**WHAT YOU WILL DO**
Starting at the line that holds "Chenil ext&eacute;rieur cage" and stopping at the line that holds "10-163.jpg 6 Fuji", restate the records below word for word, with both of those lines included.

**Short web captions**

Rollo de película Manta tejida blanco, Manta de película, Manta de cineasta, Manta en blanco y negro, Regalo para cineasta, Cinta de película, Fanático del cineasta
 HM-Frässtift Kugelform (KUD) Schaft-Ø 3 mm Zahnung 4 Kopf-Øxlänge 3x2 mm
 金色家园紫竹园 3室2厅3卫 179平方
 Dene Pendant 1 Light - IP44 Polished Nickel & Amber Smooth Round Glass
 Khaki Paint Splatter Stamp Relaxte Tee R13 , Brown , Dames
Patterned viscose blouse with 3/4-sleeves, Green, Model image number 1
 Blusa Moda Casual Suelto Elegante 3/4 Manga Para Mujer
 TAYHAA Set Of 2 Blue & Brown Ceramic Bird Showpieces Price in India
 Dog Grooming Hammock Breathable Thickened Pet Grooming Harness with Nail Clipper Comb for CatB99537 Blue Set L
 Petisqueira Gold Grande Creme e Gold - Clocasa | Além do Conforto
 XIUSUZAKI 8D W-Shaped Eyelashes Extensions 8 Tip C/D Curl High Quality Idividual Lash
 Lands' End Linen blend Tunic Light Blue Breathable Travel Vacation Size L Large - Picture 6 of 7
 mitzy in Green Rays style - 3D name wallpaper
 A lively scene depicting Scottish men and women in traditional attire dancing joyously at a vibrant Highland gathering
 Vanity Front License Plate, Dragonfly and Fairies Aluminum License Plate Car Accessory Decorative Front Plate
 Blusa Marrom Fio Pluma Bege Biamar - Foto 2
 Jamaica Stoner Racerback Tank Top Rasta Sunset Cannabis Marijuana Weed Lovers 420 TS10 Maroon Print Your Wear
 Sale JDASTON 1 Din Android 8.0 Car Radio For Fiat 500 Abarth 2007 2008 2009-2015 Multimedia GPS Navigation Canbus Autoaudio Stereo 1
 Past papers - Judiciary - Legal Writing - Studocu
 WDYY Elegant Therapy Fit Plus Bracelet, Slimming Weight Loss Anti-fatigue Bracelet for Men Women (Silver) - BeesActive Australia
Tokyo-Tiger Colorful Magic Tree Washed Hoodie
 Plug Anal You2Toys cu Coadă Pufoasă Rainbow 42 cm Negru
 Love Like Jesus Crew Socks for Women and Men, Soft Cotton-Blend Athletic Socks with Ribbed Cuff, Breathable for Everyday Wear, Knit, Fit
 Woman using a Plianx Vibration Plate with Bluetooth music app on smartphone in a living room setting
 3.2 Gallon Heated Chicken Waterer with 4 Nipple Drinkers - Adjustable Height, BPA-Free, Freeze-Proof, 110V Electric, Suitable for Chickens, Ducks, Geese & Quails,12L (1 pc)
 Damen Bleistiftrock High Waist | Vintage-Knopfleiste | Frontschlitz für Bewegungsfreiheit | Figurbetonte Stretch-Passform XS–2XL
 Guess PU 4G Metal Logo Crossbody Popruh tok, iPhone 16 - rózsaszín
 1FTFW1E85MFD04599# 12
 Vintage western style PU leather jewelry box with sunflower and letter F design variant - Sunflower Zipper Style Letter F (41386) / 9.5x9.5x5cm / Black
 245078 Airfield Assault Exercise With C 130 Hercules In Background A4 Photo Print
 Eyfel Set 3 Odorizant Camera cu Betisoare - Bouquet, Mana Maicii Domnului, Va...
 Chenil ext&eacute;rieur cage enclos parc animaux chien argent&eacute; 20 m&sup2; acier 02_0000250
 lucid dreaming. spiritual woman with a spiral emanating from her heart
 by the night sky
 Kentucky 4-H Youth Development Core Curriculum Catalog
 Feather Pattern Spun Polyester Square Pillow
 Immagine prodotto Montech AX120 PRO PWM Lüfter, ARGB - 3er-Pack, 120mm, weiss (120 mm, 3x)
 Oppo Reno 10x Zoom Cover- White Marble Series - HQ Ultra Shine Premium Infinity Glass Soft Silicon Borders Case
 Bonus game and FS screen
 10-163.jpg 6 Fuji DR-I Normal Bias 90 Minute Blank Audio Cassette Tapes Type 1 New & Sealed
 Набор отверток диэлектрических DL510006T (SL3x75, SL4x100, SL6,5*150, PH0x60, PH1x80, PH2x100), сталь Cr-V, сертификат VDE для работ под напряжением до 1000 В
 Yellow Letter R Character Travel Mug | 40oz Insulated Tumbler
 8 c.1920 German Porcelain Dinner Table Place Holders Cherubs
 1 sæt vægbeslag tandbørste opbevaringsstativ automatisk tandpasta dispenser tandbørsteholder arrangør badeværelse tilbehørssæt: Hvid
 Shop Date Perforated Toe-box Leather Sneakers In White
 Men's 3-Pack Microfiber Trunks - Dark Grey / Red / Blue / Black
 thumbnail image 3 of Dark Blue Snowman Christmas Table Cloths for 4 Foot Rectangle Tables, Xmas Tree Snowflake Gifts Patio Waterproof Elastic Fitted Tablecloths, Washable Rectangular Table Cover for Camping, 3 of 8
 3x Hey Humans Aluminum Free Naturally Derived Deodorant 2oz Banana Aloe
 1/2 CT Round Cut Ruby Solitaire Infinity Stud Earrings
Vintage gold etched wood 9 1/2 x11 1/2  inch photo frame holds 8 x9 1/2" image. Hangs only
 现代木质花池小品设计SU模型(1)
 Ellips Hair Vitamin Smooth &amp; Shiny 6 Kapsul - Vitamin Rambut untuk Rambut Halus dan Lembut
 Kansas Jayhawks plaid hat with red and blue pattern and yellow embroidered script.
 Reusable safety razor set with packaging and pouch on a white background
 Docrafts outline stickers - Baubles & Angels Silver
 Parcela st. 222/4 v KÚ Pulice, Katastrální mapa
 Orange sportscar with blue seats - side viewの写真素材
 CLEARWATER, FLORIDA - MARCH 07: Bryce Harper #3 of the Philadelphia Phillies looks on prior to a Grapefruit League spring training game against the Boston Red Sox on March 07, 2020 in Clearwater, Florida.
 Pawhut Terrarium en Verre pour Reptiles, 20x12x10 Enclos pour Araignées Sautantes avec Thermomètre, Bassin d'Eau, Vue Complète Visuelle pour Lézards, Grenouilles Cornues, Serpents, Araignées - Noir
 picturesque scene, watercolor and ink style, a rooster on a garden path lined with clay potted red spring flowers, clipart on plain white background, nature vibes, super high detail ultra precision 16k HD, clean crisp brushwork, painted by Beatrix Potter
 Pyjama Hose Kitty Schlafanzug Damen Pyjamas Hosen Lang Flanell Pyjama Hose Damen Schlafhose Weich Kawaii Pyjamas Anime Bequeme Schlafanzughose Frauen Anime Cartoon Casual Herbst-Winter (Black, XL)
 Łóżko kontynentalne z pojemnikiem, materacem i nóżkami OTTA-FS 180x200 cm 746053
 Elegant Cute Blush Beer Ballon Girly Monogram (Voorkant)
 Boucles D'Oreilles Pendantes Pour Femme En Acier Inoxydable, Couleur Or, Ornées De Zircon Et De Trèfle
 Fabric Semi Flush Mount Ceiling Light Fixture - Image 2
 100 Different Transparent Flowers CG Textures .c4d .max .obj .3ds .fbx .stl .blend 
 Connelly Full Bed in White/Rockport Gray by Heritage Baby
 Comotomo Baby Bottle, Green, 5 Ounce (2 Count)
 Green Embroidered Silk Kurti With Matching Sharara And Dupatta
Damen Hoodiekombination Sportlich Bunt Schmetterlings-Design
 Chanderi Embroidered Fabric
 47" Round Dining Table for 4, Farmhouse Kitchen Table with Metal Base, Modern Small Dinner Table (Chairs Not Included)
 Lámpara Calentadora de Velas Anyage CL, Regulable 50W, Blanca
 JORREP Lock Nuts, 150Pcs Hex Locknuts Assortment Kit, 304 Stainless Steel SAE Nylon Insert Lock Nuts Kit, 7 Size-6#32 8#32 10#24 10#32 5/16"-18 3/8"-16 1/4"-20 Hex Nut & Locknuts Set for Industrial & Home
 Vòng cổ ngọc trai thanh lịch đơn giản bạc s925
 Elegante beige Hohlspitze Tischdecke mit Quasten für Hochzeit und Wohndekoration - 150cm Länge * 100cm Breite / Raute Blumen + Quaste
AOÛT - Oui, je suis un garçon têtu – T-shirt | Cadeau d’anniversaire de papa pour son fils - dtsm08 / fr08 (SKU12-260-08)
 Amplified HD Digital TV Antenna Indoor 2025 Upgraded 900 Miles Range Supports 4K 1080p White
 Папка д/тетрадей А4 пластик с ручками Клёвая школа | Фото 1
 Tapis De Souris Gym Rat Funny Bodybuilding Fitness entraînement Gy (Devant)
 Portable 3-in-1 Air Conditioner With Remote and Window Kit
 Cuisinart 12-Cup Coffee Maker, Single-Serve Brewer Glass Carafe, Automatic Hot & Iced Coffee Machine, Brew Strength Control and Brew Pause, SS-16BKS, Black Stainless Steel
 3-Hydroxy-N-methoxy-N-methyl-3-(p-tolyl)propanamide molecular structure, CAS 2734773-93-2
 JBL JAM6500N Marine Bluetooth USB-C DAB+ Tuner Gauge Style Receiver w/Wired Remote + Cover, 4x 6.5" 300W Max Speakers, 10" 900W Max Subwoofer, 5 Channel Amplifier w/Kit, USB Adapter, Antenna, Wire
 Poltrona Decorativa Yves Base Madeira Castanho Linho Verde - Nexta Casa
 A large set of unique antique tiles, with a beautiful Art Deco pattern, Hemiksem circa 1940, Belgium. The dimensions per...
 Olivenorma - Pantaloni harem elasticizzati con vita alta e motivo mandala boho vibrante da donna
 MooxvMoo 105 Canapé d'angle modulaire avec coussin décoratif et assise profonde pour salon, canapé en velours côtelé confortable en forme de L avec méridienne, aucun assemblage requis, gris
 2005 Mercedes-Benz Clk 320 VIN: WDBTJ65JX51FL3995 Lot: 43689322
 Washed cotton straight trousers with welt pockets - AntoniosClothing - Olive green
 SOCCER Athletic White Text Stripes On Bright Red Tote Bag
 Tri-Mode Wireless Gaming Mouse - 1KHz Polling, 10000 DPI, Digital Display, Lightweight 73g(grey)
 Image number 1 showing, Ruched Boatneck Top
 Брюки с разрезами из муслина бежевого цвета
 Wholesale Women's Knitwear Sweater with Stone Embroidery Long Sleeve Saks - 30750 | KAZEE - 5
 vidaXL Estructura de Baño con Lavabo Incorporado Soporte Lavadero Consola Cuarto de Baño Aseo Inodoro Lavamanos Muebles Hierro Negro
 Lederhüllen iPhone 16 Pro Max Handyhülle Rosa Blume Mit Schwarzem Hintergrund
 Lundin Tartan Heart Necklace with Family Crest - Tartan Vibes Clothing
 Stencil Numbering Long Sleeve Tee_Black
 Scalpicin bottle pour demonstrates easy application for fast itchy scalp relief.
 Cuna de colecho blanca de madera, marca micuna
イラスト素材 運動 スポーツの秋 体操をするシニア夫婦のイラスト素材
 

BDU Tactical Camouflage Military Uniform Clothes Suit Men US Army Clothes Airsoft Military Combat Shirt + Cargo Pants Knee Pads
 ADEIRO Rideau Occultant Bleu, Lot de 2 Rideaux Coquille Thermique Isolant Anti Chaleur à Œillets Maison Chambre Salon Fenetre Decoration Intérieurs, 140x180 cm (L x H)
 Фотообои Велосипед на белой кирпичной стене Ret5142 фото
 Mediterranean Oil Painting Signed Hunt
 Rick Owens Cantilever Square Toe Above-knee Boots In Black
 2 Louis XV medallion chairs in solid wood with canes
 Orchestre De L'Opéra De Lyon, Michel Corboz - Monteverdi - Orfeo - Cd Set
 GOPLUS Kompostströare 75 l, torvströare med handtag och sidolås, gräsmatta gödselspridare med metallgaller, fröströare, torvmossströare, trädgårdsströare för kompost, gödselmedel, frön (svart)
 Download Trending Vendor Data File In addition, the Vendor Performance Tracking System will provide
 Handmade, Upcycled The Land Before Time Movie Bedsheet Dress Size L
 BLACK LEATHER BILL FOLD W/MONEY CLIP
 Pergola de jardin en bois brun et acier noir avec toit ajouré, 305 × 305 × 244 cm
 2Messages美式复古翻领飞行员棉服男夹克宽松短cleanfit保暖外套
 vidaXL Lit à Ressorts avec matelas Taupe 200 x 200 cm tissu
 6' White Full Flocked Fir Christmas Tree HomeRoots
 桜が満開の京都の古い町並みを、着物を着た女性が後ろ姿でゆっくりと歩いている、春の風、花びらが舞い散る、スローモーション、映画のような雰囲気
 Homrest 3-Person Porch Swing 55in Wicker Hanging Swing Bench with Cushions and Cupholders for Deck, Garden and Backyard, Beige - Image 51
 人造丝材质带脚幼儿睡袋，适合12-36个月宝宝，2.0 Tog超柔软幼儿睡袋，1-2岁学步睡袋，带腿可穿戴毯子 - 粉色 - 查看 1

**ANSWER SPACE**
 Chenil ext&eacute;rieur cage enclos parc animaux chien argent&eacute; 20 m&sup2; acier 02_0000250
 lucid dreaming. spiritual woman with a spiral emanating from her heart
 by the night sky
 Kentucky 4-H Youth Development Core Curriculum Catalog
 Feather Pattern Spun Polyester Square Pillow
 Immagine prodotto Montech AX120 PRO PWM Lüfter, ARGB - 3er-Pack, 120mm, weiss (120 mm, 3x)
 Oppo Reno 10x Zoom Cover- White Marble Series - HQ Ultra Shine Premium Infinity Glass Soft Silicon Borders Case
 Bonus game and FS screen
 10-163.jpg 6 Fuji DR-I Normal Bias 90 Minute Blank Audio Cassette Tapes Type 1 New & Sealed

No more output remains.